We can pull the dataset from Argilla by using the from_argilla method.

Unify Responses#

When you have multiple annotations per record in your project, it is a good practice to unify the responses to have a single response per record. This is preferable as it makes the dataset more consistent and easier to work with. Let us see how we can unify the responses with Argilla. First, we create a strategy to unify the responses. We go with the majority vote strategy, which means that we will keep the responses that have been suggested by the majority of the annotators.

strategy = rg.MultiLabelQuestionStrategy("majority")
[ ]:

We can look at a record to see how the responses have been unified. In our case, the responses have been unified to approval as it is the majority vote among the responses.
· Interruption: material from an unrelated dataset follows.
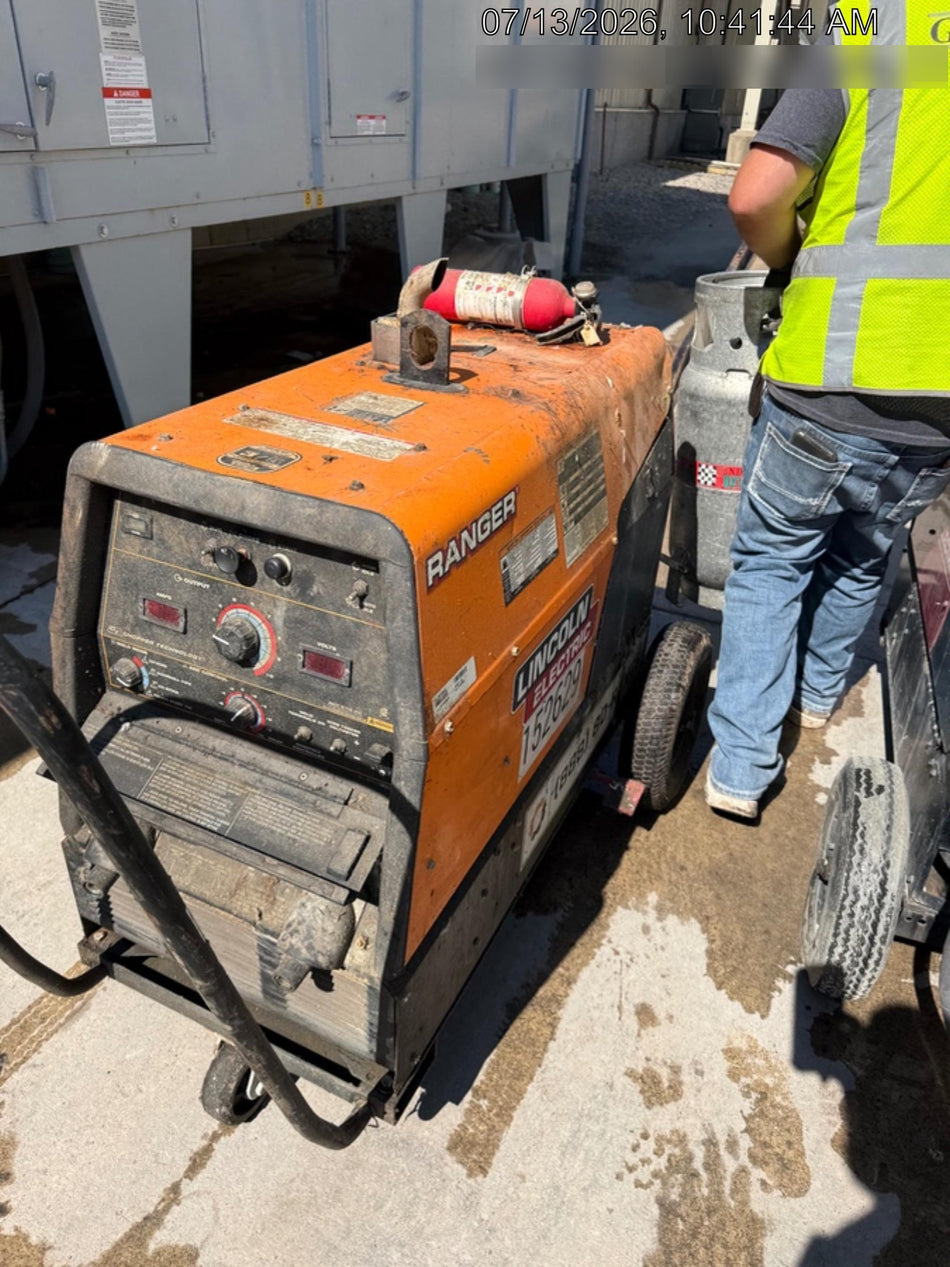 2021 Lincoln Electric Ranger 305 LPG LPG One-Pak (includes undercarriage, tank holder & tank strap) ORANGE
{'label': [UnifiedValueSchema(value=['approval'], strategy=<RatingQuestionStrategy.MAJORITY: 'majority'>)]}

Annotation Metrics#

Argilla offers various annotation metrics to evaluate the performance of the annotators. Let us see how we can employ each one of them.

Agreement Metrics#

The first step for the evaluation is to contrast the responses given by the annotators with each other, which is commonly known as Inter-Annotator Agreement. This is a crucial step to see how reliable the annotations are and how much the annotators agree with each other. Argilla currently offers only Krippendorff’s alpha as an agreement metric. Let us see how we can evaluate the agreement between the annotators with Argilla.

To calculate the alpha, we only need to call the compute_agreement_metrics method, with alpha being the argument. We also need to specify the question name in our dataset to calculate the metric. Please note that agreement metrics are available for all question types except for the TextQuestion.

dataset.compute_agreement_metrics("alpha", question_name="label")
AgreementMetricResult(metric_name='alpha', count=3468, result=0.2459926458269277)

The result we have shows that the agreement between the annotators is 0.2459 for the dataset we have, which is a low agreement. For Kripendorff’s alpha, the value is in the range [0,1] and is usually interpreted in the following way: alpha >= 0.8 indicates a reliable annotation, alpha >= 0.667 allows making tentative conclusions, while the lower values suggest the unreliable annotation. This indicates we might want to revisit our annotation process and work on a better task design or annotator training.

Model Metrics#

For computing model metrics, we will assume that the responses given by the annotators are the gold standard, we compare against. The main advantage of adding suggestions to our dataset is to simplify and shorten the annotation task. By computing the model metrics, we will be able to see if the suggestions work in the way we want and if our models running inference are on apr with our expectations. In case of a low performance, we can consider improving the suggestions by updating and fine-tuning the model to generate better suggestions. This way, we can improve the performance of the annotators as well.

The question type we have in the current dataset is MultiLabelQuestion. By using the allowed_metrics method, we can see the metrics below, which are the available ones for this question type.

[ ]:
metric = ModelMetric(dataset=dataset, question_name="label")
['accuracy', 'f1-score', 'precision', 'recall', 'confusion-matrix']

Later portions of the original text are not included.